Protection of the vice president was historically limited until the late 20th century. Following several attacks and heightened concerns over presidential succession, the role of the United States Secret Service in safeguarding vice presidents expanded significantly. Modern vice presidents receive continuous protective detail while in office, and many former vice presidents continue to receive protection under federal law.

== List of attacks, assassination attempts, and plots ==

===Andrew Johnson===

- April 1865: In 1864, Confederate sympathizer John Wilkes Booth formulated a plan to kidnap President Abraham Lincoln in exchange for the release of Confederate prisoners. After attending an April 11, 1865 speech in which Lincoln promoted voting rights for African Americans, Booth decided to assassinate the president instead. Learning that the president would be attending Ford's Theatre, Booth planned with co-conspirators to assassinate Lincoln at the theater. The conspiracy also included assassinating Vice President Andrew Johnson in Kirkwood House, where Johnson lived while Vice President, and Secretary of State William H. Seward at Seward's house. Beyond Lincoln's assassination on April 14, 1865, the plot failed: Seward was only wounded, and Johnson's would-be attacker did not follow through. After being on the run for 12 days, Booth was tracked down and was shot and mortally wounded by Union cavalryman Boston Corbett. Eight other conspirators were later convicted for their roles in the conspiracy; four were hanged and four received life sentences.

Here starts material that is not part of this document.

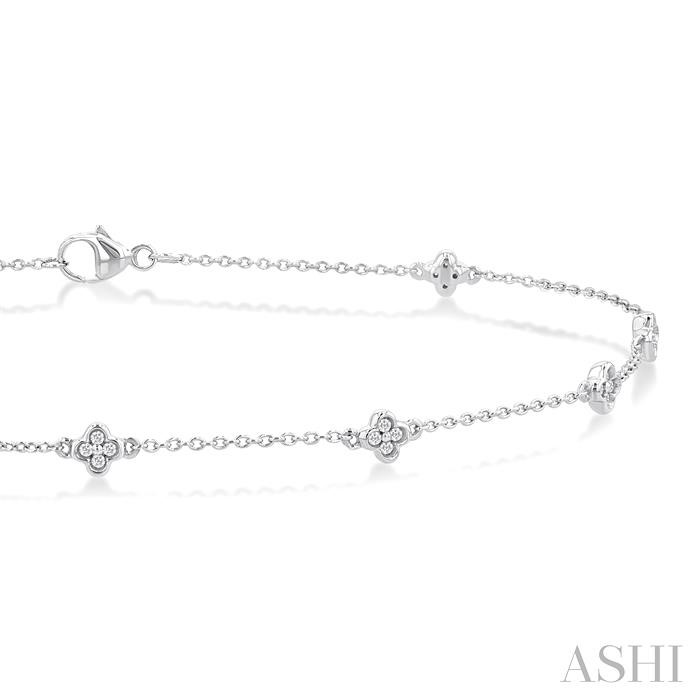 Clover Diamond Station Chain Bracelet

===Charles W. Fairbanks===

- June 1905: Charles W. Fairbanks travelled to Flint, Michigan to lay the cornerstone of a new federal building, and to then deliver a speech to over 2,000 attendees. Roughly 20 minutes into the speech, 32-year-old anarchist James McConnell forced his way through the crowd holding a revolver concealed in his hip pocket. Four nearby detectives noticed this and choked McConnell until he was subdued. Fairbanks then continued his speech without interruption. Fairbanks had become an outspoken advocate for banning anarchists from entering the country following the assassination of William McKinley, which motivated McConnell to assassinate him. As federal laws protecting vice presidents had not yet been enacted, he was only charged with disorderly conduct.

===Thomas R. Marshall===

- July 2, 1915: Harvard University professor Eric Muenter, who opposed American support of the Allied war effort, broke into the U.S. Senate and, finding the door to the Senate chamber locked, laid dynamite outside the reception room, which happened to be next to Thomas R. Marshall's office door. Although the bomb was set with a timer, it exploded prematurely just before midnight, while no one was in the office. Muenter was later arrested, where he confessed to attempting to assassinate Marshall.

===Hubert Humphrey===
- April 9, 1965: Hubert Humphrey delivered a speech at Louisiana State University, however it was heavily monitored after an undercover state policeman informed the Federal Bureau of Investigation (FBI) that members of the Ku Klux Klan (KKK) planned to assassinate Humphrey during his speech because of his support for civil rights and integration. One alleged gunman reportedly reached for a concealed pistol before being subdued by agents, and another suspect had a firearm in his car. None of them were charged due to lack of evidence.
- February 1966: Peter Kocan, a 19-year-old man who would later attempt to assassinate Arthur Calwell, planned to assassinate Humphrey during his trip to Australia in 1966. He later abandoned the plan because security was too tight.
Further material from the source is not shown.